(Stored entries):

* * * * *

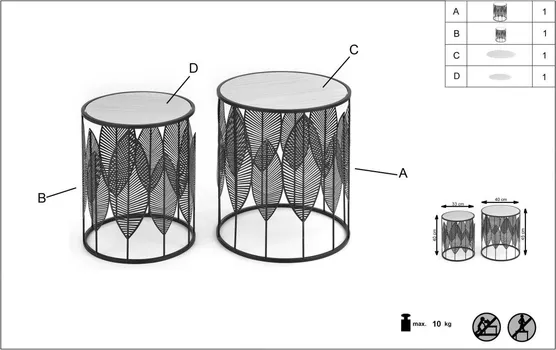 SAGA KLUB STOLIĆI SET 2/1 9590049 METAL, MDF (9 / 9)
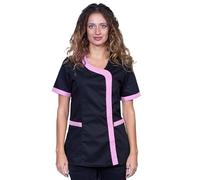 Fratelli ditalia Blouse Casacca de Travail Noire d'été pour Femme, Esthéticienne, Coiffeuse, Institut de Beauté, Glycine, S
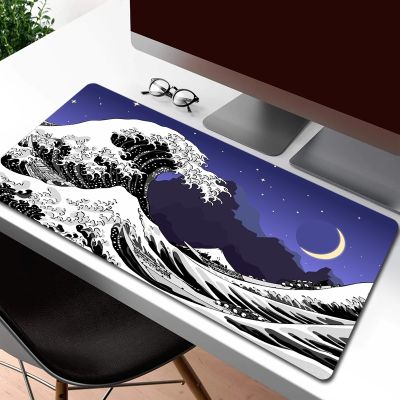 ﹍ Large Mousepad Japanese Great Wave Off Gamer Non-Slip Large Computer Mouse Mat Rubber HD Print Mouse Pad Gaming Notebook Carpet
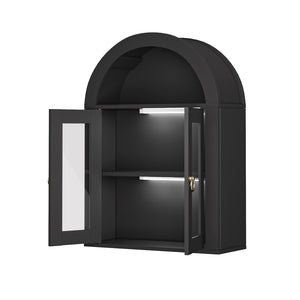 English Elm Wall Mounted Arched Cabinet Tempered Glass Doors Led Lighting Adjustable Shelves Bathroom Black T3210P471555
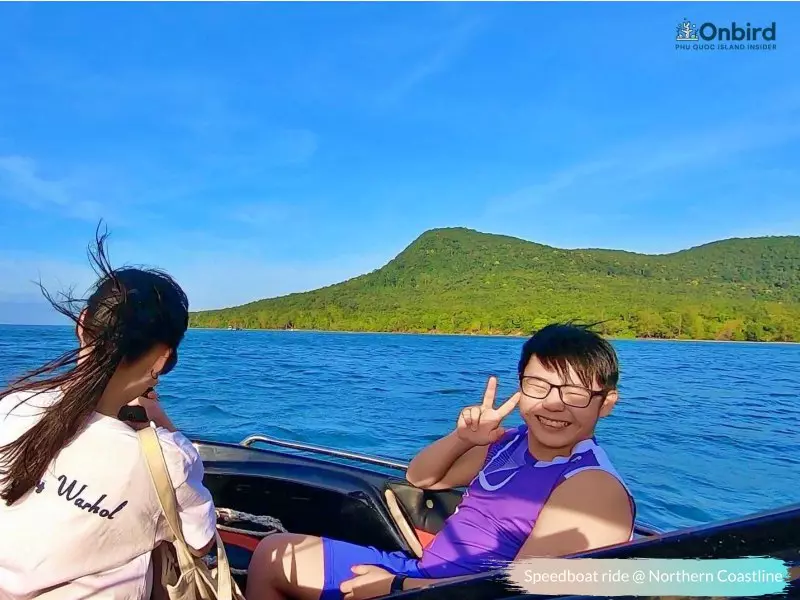 Speedboat Ride to explore Dragon Beach, River in the national park in North Phu Quoc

* * * * *

(REQUIREMENT): Reproduce exactly, and only, the lines from the one holding "Fratelli ditalia Blouse" through the final line of the entries. Do not include the pictures.

(SOLUTION FOR THIS PROBLEM):
 Fratelli ditalia Blouse Casacca de Travail Noire d'été pour Femme, Esthéticienne, Coiffeuse, Institut de Beauté, Glycine, S
 ﹍ Large Mousepad Japanese Great Wave Off Gamer Non-Slip Large Computer Mouse Mat Rubber HD Print Mouse Pad Gaming Notebook Carpet
 English Elm Wall Mounted Arched Cabinet Tempered Glass Doors Led Lighting Adjustable Shelves Bathroom Black T3210P471555
 Speedboat Ride to explore Dragon Beach, River in the national park in North Phu Quoc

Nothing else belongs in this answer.